What needs to be done: Taking the line with "26 Sinawoy Road Cos Cob CT 06807" as the start, reproduce every line until the records end, exactly and with nothing added.

_ _ _ _ _

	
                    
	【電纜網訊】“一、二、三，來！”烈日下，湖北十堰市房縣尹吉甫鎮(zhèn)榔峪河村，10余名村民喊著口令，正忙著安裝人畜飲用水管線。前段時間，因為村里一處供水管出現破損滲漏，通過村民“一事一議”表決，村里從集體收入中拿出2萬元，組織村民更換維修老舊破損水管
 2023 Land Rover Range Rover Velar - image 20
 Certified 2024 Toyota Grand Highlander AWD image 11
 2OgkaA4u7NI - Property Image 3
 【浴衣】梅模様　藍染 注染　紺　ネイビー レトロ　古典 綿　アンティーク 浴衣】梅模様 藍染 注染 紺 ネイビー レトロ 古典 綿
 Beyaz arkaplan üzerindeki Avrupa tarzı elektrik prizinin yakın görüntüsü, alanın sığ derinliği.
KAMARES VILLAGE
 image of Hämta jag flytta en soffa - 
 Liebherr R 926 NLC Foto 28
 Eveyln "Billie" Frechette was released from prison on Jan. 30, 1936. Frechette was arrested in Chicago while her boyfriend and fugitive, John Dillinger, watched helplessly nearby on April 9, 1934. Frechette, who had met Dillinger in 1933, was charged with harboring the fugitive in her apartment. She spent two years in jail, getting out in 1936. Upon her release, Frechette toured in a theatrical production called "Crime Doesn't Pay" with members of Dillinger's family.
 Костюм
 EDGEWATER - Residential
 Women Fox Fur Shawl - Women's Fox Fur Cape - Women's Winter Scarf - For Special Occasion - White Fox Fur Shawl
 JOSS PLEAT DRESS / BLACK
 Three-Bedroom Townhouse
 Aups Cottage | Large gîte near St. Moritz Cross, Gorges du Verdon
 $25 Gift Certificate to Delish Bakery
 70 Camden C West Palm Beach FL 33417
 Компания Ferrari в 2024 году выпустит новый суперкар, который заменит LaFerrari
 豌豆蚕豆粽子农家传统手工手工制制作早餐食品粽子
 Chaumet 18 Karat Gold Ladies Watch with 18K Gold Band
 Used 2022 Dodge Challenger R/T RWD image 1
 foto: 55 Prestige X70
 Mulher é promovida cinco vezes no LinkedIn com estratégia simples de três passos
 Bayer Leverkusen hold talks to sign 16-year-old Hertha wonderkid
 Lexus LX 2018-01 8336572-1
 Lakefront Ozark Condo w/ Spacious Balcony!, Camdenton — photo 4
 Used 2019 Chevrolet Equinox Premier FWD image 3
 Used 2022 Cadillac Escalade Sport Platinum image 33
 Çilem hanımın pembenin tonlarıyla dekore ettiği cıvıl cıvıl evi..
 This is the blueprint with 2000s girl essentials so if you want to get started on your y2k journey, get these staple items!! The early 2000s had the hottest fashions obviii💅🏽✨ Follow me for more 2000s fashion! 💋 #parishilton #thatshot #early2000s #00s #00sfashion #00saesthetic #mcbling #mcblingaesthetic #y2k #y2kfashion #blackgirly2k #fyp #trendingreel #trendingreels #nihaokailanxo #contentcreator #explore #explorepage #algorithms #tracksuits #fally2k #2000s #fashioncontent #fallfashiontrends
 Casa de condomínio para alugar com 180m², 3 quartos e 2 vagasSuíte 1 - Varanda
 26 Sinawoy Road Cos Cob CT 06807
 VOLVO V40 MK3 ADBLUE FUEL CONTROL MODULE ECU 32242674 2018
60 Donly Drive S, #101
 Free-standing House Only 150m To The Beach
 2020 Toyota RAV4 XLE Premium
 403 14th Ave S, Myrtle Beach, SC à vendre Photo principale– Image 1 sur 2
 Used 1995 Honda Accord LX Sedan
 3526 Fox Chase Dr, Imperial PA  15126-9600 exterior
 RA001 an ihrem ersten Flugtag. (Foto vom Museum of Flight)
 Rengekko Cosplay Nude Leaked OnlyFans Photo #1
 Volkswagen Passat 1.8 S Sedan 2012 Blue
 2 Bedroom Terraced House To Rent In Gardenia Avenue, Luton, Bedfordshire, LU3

_ _ _ _ _

Solution for this exercise:
 26 Sinawoy Road Cos Cob CT 06807
 VOLVO V40 MK3 ADBLUE FUEL CONTROL MODULE ECU 32242674 2018
60 Donly Drive S, #101
 Free-standing House Only 150m To The Beach
 2020 Toyota RAV4 XLE Premium
 403 14th Ave S, Myrtle Beach, SC à vendre Photo principale– Image 1 sur 2
 Used 1995 Honda Accord LX Sedan
 3526 Fox Chase Dr, Imperial PA  15126-9600 exterior
 RA001 an ihrem ersten Flugtag. (Foto vom Museum of Flight)
 Rengekko Cosplay Nude Leaked OnlyFans Photo #1
 Volkswagen Passat 1.8 S Sedan 2012 Blue
 2 Bedroom Terraced House To Rent In Gardenia Avenue, Luton, Bedfordshire, LU3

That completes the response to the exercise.